**** INPUT FOR THIS TASK ****

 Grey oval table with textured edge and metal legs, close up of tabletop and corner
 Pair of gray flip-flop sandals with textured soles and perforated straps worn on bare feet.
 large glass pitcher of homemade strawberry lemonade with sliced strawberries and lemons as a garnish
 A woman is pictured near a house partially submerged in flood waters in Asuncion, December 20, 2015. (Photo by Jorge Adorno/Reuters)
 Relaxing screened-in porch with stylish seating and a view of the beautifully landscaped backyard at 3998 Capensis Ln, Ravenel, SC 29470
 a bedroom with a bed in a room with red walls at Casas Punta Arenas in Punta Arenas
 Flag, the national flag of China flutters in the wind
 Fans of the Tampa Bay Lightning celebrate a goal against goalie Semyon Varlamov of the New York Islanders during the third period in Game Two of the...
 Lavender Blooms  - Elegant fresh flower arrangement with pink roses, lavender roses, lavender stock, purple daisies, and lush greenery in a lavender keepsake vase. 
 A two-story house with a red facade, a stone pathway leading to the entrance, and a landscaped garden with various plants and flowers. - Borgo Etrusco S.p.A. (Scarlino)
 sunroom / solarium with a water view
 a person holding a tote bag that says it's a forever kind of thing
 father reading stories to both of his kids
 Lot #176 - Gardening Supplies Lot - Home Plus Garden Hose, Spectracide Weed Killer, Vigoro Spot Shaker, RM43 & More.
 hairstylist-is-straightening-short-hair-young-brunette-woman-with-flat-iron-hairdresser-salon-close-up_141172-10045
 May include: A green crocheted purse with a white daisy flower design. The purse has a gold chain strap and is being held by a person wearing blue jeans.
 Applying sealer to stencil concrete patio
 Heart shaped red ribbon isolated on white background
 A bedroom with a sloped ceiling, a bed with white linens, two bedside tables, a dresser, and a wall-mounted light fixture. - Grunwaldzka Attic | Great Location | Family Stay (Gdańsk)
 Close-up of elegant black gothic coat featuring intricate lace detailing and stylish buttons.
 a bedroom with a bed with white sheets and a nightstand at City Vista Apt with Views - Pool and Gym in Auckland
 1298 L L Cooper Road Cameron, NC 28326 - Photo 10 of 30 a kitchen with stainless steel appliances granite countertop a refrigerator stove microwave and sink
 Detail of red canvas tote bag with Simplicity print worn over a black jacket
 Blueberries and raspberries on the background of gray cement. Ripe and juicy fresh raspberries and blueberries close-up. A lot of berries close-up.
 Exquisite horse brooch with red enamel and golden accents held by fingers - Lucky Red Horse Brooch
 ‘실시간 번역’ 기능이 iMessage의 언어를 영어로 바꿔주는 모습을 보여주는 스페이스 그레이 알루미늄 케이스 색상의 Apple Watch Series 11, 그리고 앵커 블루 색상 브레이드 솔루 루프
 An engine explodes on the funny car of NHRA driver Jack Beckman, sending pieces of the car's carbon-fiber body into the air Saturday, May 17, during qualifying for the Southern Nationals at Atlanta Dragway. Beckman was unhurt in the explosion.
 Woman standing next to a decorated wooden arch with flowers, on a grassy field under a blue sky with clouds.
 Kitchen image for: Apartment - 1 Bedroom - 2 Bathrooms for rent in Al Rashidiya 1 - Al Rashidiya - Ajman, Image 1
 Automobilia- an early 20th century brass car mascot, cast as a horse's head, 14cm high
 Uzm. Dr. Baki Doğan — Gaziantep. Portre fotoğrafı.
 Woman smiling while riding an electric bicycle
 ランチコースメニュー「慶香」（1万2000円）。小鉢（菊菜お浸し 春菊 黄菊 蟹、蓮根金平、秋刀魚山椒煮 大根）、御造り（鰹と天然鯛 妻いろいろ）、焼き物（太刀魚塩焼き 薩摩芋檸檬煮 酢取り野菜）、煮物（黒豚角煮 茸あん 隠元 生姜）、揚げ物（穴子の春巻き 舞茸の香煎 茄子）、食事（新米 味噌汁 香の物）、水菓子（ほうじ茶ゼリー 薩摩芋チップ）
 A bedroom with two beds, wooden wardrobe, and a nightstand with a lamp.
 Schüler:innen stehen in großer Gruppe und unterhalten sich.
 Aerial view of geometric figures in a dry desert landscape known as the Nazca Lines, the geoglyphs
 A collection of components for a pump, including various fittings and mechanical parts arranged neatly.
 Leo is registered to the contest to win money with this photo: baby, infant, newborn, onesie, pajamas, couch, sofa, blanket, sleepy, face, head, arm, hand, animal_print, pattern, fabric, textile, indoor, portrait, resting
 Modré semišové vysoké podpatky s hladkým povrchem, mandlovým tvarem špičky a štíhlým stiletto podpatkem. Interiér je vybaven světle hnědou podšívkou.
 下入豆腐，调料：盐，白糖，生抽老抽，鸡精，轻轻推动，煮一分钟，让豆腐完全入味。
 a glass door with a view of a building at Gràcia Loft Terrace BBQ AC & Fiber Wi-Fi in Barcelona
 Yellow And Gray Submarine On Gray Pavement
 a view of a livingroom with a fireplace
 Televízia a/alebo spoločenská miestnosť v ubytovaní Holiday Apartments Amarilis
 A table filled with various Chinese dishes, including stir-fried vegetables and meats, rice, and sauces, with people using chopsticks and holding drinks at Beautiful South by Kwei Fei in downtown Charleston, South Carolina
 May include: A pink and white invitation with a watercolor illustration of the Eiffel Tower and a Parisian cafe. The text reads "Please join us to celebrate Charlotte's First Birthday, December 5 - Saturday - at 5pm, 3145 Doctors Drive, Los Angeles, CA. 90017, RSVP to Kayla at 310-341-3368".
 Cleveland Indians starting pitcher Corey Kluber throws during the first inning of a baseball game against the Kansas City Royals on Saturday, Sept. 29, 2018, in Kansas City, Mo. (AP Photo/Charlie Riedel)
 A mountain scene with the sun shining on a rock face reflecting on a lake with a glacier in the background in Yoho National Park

****

### GOAL OF THE EXERCISE
When you answer, repeat every record exactly, omitting nothing.

### RESPONSE TO THIS EXERCISE
 Grey oval table with textured edge and metal legs, close up of tabletop and corner
 Pair of gray flip-flop sandals with textured soles and perforated straps worn on bare feet.
 large glass pitcher of homemade strawberry lemonade with sliced strawberries and lemons as a garnish
 A woman is pictured near a house partially submerged in flood waters in Asuncion, December 20, 2015. (Photo by Jorge Adorno/Reuters)
 Relaxing screened-in porch with stylish seating and a view of the beautifully landscaped backyard at 3998 Capensis Ln, Ravenel, SC 29470
 a bedroom with a bed in a room with red walls at Casas Punta Arenas in Punta Arenas
 Flag, the national flag of China flutters in the wind
 Fans of the Tampa Bay Lightning celebrate a goal against goalie Semyon Varlamov of the New York Islanders during the third period in Game Two of the...
 Lavender Blooms  - Elegant fresh flower arrangement with pink roses, lavender roses, lavender stock, purple daisies, and lush greenery in a lavender keepsake vase. 
 A two-story house with a red facade, a stone pathway leading to the entrance, and a landscaped garden with various plants and flowers. - Borgo Etrusco S.p.A. (Scarlino)
 sunroom / solarium with a water view
 a person holding a tote bag that says it's a forever kind of thing
 father reading stories to both of his kids
 Lot #176 - Gardening Supplies Lot - Home Plus Garden Hose, Spectracide Weed Killer, Vigoro Spot Shaker, RM43 & More.
 hairstylist-is-straightening-short-hair-young-brunette-woman-with-flat-iron-hairdresser-salon-close-up_141172-10045
 May include: A green crocheted purse with a white daisy flower design. The purse has a gold chain strap and is being held by a person wearing blue jeans.
 Applying sealer to stencil concrete patio
 Heart shaped red ribbon isolated on white background
 A bedroom with a sloped ceiling, a bed with white linens, two bedside tables, a dresser, and a wall-mounted light fixture. - Grunwaldzka Attic | Great Location | Family Stay (Gdańsk)
 Close-up of elegant black gothic coat featuring intricate lace detailing and stylish buttons.
 a bedroom with a bed with white sheets and a nightstand at City Vista Apt with Views - Pool and Gym in Auckland
 1298 L L Cooper Road Cameron, NC 28326 - Photo 10 of 30 a kitchen with stainless steel appliances granite countertop a refrigerator stove microwave and sink
 Detail of red canvas tote bag with Simplicity print worn over a black jacket
 Blueberries and raspberries on the background of gray cement. Ripe and juicy fresh raspberries and blueberries close-up. A lot of berries close-up.
 Exquisite horse brooch with red enamel and golden accents held by fingers - Lucky Red Horse Brooch
 ‘실시간 번역’ 기능이 iMessage의 언어를 영어로 바꿔주는 모습을 보여주는 스페이스 그레이 알루미늄 케이스 색상의 Apple Watch Series 11, 그리고 앵커 블루 색상 브레이드 솔루 루프
 An engine explodes on the funny car of NHRA driver Jack Beckman, sending pieces of the car's carbon-fiber body into the air Saturday, May 17, during qualifying for the Southern Nationals at Atlanta Dragway. Beckman was unhurt in the explosion.
 Woman standing next to a decorated wooden arch with flowers, on a grassy field under a blue sky with clouds.
 Kitchen image for: Apartment - 1 Bedroom - 2 Bathrooms for rent in Al Rashidiya 1 - Al Rashidiya - Ajman, Image 1
 Automobilia- an early 20th century brass car mascot, cast as a horse's head, 14cm high
 Uzm. Dr. Baki Doğan — Gaziantep. Portre fotoğrafı.
 Woman smiling while riding an electric bicycle
 ランチコースメニュー「慶香」（1万2000円）。小鉢（菊菜お浸し 春菊 黄菊 蟹、蓮根金平、秋刀魚山椒煮 大根）、御造り（鰹と天然鯛 妻いろいろ）、焼き物（太刀魚塩焼き 薩摩芋檸檬煮 酢取り野菜）、煮物（黒豚角煮 茸あん 隠元 生姜）、揚げ物（穴子の春巻き 舞茸の香煎 茄子）、食事（新米 味噌汁 香の物）、水菓子（ほうじ茶ゼリー 薩摩芋チップ）
 A bedroom with two beds, wooden wardrobe, and a nightstand with a lamp.
 Schüler:innen stehen in großer Gruppe und unterhalten sich.
 Aerial view of geometric figures in a dry desert landscape known as the Nazca Lines, the geoglyphs
 A collection of components for a pump, including various fittings and mechanical parts arranged neatly.
 Leo is registered to the contest to win money with this photo: baby, infant, newborn, onesie, pajamas, couch, sofa, blanket, sleepy, face, head, arm, hand, animal_print, pattern, fabric, textile, indoor, portrait, resting
 Modré semišové vysoké podpatky s hladkým povrchem, mandlovým tvarem špičky a štíhlým stiletto podpatkem. Interiér je vybaven světle hnědou podšívkou.
 下入豆腐，调料：盐，白糖，生抽老抽，鸡精，轻轻推动，煮一分钟，让豆腐完全入味。
 a glass door with a view of a building at Gràcia Loft Terrace BBQ AC & Fiber Wi-Fi in Barcelona
 Yellow And Gray Submarine On Gray Pavement
 a view of a livingroom with a fireplace
 Televízia a/alebo spoločenská miestnosť v ubytovaní Holiday Apartments Amarilis
 A table filled with various Chinese dishes, including stir-fried vegetables and meats, rice, and sauces, with people using chopsticks and holding drinks at Beautiful South by Kwei Fei in downtown Charleston, South Carolina
 May include: A pink and white invitation with a watercolor illustration of the Eiffel Tower and a Parisian cafe. The text reads "Please join us to celebrate Charlotte's First Birthday, December 5 - Saturday - at 5pm, 3145 Doctors Drive, Los Angeles, CA. 90017, RSVP to Kayla at 310-341-3368".
 Cleveland Indians starting pitcher Corey Kluber throws during the first inning of a baseball game against the Kansas City Royals on Saturday, Sept. 29, 2018, in Kansas City, Mo. (AP Photo/Charlie Riedel)
 A mountain scene with the sun shining on a rock face reflecting on a lake with a glacier in the background in Yoho National Park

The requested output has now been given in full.